Gleichbehandlung: Apple kriegt von der EU einen Schuss vor den Bug

Apple verlangt ab iOS 14.5, dass Apps eine Einwilligung des Nutzers zum Tracking einfordern. EU-Kartellamtschefin Margrethe Vestager verlangt von Apple, nicht vor eigenen Apps halt zu machen.

Nach einem Bericht der Nachrichtenagentur Reuters wurde Apple durch die EU-Kartellamtschefin Margrethe Vestager gewarnt, Ungleichbehandlungen von Apps auf seiner Plattform zu unterlassen. Apple hat gerade seine wohl bisher größte, freiwillige Datenschutzänderungen angestoßen, die es App-Anbietern verbietet, Nutzer ohne ausdrückliche Zustimmung zu tracken. Das hatte Facebook dazu gebracht, Apples Verhalten als wettbewerbswidrig zu bezeichnen. Facebook können dadurch hohe Einnahmeverluste entstehen.
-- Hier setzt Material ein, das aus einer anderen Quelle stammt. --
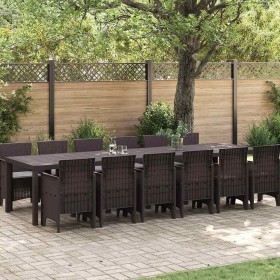 Conjunto de Comedor de Jardín 13 pcs Marrón Ratan Polt en Mesas de jardín | Comprar online en Foru.es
Wird Facebook Apple wegen Datenschutz verklagen?

Die Änderung wird zusammen mit der Veröffentlichung von iOS 14.5 einhergehen, die vermutlich Ende Winter oder Anfang Frühjahr 2021 startet. Facebook behauptet, dass Apples eigene Werbeplattform von der neuen Anforderungen ausgenommen wird. Apple ist der Meinung, mit der eigenen Werbeplattform kein Nutzertracking zu vollziehen.

Das rief die Wettbewerbshütern auf den Plan. Sollte Apple seine eigenen Apps und Dienste nicht auf die gleiche Weise behandeln wie die der Konkurrenz, könnte darin ein wettbewerbswidriges Verhalten begründet sein. Gleichzeitig lobte sie Apples Vorgehen, ein Opt-Out zu etablieren.